Nombre de logements sociaux produits depuis 2000 |
|||||||
2000 |
2001 |
2002 |
2003 |
2004 |
2005 |
2006 |
2007 |
42 117 |
56 299 |
56 290 |
56 425 |
72 704 |
76 990 |
96 367 |
92 489 |
Source : D'après la direction régionale de l'urbanisme, de l'habitat et de la construction (DGUHC) |
Nombre de logements sociaux produits,
depuis 2000,
par catégories
Source : D'après la DGUHC
Alors que seuls 31 000 Plus avaient été réalisés en 2000, 46 000 logements sociaux de cette catégorie ont été produits l'année dernière et 55 000 devraient voir le jour cette année. Le budget 2009 est encore plus ambitieux puisqu'il table sur 58 000 nouveaux Plus.

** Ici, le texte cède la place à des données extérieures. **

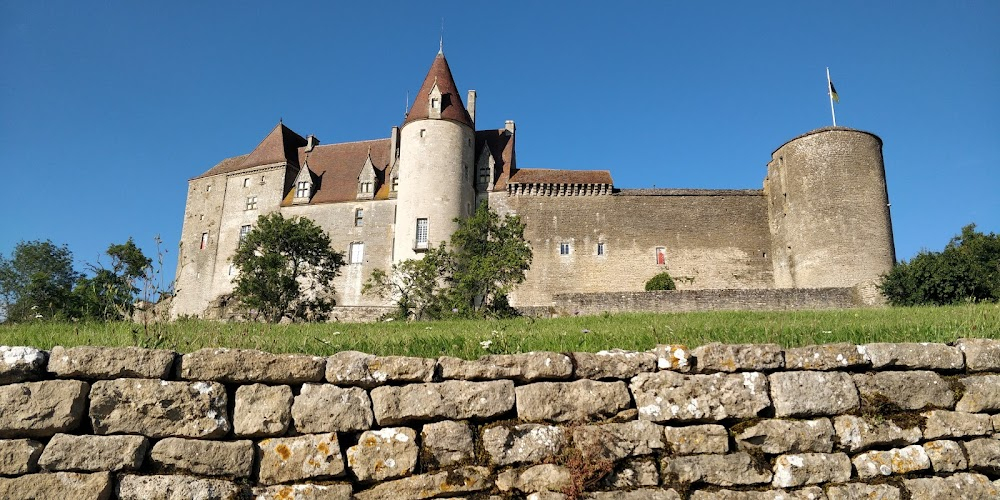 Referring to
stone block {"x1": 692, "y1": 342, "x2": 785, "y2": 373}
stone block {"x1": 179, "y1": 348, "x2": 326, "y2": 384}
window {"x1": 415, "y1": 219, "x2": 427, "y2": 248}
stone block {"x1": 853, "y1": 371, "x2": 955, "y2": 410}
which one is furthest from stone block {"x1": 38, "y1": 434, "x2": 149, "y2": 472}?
window {"x1": 415, "y1": 219, "x2": 427, "y2": 248}

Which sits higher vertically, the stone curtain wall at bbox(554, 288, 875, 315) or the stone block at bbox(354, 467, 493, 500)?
the stone curtain wall at bbox(554, 288, 875, 315)

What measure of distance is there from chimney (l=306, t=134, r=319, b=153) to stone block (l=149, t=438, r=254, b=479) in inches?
1883

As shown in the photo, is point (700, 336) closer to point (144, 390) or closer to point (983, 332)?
point (983, 332)

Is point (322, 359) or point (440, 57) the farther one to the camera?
point (440, 57)

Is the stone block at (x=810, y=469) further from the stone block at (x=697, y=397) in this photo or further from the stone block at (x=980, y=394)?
the stone block at (x=980, y=394)

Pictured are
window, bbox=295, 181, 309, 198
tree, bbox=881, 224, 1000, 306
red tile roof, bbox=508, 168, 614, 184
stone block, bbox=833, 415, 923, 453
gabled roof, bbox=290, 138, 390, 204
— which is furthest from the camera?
window, bbox=295, 181, 309, 198

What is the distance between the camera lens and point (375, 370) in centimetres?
571

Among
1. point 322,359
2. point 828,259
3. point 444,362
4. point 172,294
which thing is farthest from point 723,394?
point 828,259

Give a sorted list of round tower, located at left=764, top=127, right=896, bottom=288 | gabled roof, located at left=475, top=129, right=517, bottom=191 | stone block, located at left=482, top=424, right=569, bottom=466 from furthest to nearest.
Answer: gabled roof, located at left=475, top=129, right=517, bottom=191 → round tower, located at left=764, top=127, right=896, bottom=288 → stone block, located at left=482, top=424, right=569, bottom=466

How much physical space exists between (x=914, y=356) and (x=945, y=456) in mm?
940

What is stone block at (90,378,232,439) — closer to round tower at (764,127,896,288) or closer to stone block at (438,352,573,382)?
stone block at (438,352,573,382)

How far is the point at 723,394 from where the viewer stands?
5910mm

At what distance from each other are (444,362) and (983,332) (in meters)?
6.17

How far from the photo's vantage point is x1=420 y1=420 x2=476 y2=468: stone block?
5.49 metres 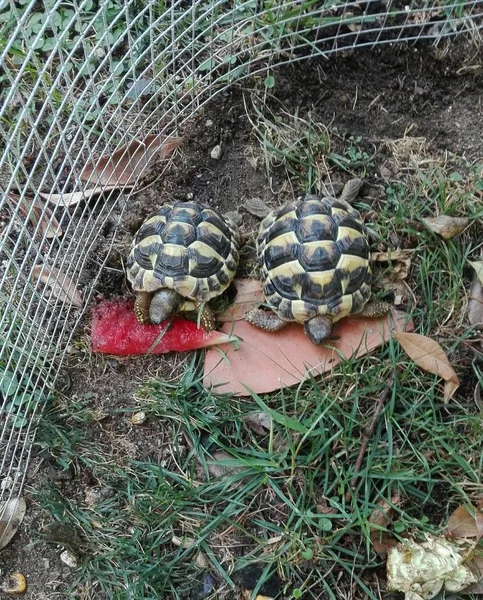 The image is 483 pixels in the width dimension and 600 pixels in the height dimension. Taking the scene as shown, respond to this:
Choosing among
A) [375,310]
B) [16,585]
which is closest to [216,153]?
[375,310]

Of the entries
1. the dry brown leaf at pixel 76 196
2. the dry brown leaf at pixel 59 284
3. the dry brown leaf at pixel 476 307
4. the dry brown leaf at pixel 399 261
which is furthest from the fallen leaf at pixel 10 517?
the dry brown leaf at pixel 476 307

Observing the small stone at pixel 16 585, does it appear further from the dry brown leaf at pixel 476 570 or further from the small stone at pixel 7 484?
the dry brown leaf at pixel 476 570

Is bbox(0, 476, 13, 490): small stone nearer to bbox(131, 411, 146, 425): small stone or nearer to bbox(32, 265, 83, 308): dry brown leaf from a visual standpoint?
bbox(131, 411, 146, 425): small stone

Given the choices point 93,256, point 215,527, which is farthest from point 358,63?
point 215,527

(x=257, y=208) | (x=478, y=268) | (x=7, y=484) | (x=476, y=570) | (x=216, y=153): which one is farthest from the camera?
(x=216, y=153)

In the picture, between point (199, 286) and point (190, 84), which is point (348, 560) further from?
point (190, 84)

La production des PLAI, qui sont réservés aux personnes les moins dotées financièrement, a connu une nette augmentation en 2007, puisqu'elle a pratiquement doublé par rapport à l'année précédente. Le mouvement devrait encore s'accélérer car 17 000 nouveaux PLAI sont attendus cette année, et 20 000 pourront être financés en 2009.

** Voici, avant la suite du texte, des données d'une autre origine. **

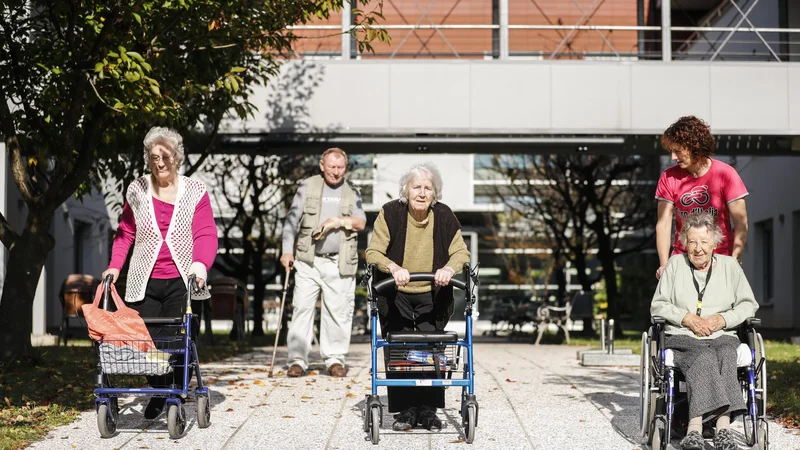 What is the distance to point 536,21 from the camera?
58.4ft

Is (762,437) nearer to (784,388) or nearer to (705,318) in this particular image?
(705,318)

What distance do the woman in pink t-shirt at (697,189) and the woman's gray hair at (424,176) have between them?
1.30 m

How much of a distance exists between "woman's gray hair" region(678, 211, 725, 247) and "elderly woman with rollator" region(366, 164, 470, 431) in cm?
119

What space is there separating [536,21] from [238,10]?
358 inches

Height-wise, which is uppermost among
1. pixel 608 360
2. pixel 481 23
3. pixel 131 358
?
pixel 481 23

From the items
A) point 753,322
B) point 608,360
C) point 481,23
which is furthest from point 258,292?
point 753,322

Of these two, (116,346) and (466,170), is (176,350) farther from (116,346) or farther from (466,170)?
(466,170)

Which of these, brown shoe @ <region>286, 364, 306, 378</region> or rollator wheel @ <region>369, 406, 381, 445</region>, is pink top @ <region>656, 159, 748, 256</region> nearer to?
rollator wheel @ <region>369, 406, 381, 445</region>

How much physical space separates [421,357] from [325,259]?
339 cm

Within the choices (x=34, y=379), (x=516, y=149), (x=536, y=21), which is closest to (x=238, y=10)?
(x=34, y=379)

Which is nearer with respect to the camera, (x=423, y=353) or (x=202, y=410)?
(x=423, y=353)

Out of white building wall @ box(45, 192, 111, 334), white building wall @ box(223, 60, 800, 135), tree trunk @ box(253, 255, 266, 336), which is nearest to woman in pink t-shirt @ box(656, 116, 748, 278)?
white building wall @ box(223, 60, 800, 135)

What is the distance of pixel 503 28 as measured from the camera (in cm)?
1479

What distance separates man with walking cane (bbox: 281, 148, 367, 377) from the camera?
8.91 metres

Cette évolution, dont votre commission ne peut que se réjouir, révèle sans contestation possible la volonté du Gouvernement de porter la production de logements sociaux à un niveau encore jamais atteint .
Ceci étant, il serait judicieux d'accompagner ce mouvement en faveur du logement social par un développement plus audacieux et volontariste de la garantie des risques locatifs (GRL) , qui vise à couvrir les propriétaires contre tous les risques d'impayés liés à la location d'un logement.

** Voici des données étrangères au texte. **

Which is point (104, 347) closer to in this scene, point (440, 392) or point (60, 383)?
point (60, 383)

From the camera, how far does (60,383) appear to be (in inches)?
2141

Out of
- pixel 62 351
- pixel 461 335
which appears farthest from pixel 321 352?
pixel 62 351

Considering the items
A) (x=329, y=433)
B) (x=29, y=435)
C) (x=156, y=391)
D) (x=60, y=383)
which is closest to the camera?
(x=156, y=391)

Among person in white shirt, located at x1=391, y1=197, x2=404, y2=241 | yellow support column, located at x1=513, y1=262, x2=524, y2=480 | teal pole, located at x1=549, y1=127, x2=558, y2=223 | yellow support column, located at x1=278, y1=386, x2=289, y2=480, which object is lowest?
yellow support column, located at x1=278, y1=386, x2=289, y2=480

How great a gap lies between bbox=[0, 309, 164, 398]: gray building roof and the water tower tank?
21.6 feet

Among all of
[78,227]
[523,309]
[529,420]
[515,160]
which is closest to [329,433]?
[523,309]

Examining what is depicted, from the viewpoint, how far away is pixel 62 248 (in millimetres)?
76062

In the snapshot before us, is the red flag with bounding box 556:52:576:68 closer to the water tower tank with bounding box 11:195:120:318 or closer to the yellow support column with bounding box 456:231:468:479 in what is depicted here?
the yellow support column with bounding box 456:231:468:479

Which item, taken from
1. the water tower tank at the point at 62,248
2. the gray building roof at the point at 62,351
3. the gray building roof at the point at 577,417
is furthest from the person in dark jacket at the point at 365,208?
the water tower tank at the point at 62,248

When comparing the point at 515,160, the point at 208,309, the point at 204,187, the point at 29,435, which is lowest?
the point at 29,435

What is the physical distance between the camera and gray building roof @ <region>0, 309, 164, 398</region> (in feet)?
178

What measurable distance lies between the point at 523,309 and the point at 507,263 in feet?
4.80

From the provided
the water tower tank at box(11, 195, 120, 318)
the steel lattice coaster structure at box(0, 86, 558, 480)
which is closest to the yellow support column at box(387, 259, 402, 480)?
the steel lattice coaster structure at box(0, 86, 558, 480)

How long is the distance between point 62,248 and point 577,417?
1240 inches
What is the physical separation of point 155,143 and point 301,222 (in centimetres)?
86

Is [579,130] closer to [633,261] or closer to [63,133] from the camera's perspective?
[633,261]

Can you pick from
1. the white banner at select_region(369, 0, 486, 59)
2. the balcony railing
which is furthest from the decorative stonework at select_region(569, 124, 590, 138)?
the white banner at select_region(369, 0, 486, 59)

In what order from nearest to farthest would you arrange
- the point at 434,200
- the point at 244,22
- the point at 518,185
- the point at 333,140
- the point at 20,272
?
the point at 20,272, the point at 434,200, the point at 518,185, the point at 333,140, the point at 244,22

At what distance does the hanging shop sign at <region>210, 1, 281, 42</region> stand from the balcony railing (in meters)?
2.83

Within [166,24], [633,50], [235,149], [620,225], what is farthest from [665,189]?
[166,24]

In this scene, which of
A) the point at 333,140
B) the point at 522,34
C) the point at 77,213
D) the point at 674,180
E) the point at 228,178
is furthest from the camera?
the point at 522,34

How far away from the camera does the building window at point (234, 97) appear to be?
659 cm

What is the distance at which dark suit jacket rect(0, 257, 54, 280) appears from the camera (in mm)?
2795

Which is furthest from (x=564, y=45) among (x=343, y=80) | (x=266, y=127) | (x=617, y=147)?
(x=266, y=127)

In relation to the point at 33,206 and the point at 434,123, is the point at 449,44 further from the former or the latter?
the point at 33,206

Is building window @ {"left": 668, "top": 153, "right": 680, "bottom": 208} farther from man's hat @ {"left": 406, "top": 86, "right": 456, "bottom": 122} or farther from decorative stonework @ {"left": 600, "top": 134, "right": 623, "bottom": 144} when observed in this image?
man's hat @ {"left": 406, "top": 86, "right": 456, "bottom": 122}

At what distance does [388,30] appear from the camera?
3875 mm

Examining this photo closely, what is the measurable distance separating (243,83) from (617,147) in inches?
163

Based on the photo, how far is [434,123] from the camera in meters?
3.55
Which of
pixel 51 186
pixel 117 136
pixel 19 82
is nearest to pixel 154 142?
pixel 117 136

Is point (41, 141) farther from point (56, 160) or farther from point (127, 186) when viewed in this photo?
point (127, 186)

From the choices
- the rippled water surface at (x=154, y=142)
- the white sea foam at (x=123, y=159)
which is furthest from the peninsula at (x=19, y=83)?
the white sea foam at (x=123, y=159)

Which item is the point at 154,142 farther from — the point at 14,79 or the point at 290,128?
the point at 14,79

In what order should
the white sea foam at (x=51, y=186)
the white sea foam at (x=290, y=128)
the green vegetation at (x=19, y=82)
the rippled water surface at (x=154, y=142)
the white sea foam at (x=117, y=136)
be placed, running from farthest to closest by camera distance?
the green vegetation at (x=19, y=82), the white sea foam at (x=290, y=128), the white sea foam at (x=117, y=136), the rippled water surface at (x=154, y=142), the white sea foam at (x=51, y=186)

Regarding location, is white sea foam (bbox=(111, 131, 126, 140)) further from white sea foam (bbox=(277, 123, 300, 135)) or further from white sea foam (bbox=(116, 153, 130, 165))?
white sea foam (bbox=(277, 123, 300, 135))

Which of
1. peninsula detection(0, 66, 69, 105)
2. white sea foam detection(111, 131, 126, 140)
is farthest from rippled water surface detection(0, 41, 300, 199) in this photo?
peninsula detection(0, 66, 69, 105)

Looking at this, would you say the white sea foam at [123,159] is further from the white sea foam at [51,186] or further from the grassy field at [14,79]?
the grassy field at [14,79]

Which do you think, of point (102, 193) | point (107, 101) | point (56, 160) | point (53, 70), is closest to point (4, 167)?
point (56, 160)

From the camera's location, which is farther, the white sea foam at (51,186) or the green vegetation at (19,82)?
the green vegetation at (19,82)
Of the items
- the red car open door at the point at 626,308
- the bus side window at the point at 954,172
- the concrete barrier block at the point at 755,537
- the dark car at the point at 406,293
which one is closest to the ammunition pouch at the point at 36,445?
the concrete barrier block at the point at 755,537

Votre commission vous proposera donc un amendement en ce sens .
b) Le coût d'arrêt donné aux Palulos
Alors que la loi de finances pour 2008 prévoyait le financement de 40 000 Palulos, pour un montant de 60 millions d'euros, le budget prévisionnel pour 2009 ne réserve aucun crédit à ce type d'aide.
Cette situation s'explique par le fait que le Gouvernement espérait que les Palulos soient financés l'année prochaine par le prélèvement, proposé par le projet de loi de mobilisation pour le logement, sur les ressources des organismes HLM qui n'investissent pas suffisamment. Ce dispositif devait permettre de dégager entre 60 et 100 millions d'euros qui auraient été redistribués, notamment sous forme de Palulos, aux organismes HLM ayant besoin d'engager des travaux de rénovation de leur parc.
Cependant, lors de l'examen du projet de loi par le Sénat, il a été décidé que le prélèvement ne serait organisé qu'à partir de 2011.
Le Gouvernement n'a pas, pour l'instant, tiré les conséquences budgétaires de cet arbitrage, espérant sans doute en obtenir la révision à l'occasion de l'examen du projet de loi par l'Assemblée nationale.
Si cela ne devait pas être le cas, le Gouvernement aurait le devoir de prendre les dispositions nécessaires au financement des Palulos, qui sont absolument indispensables à l'entretien du parc HLM.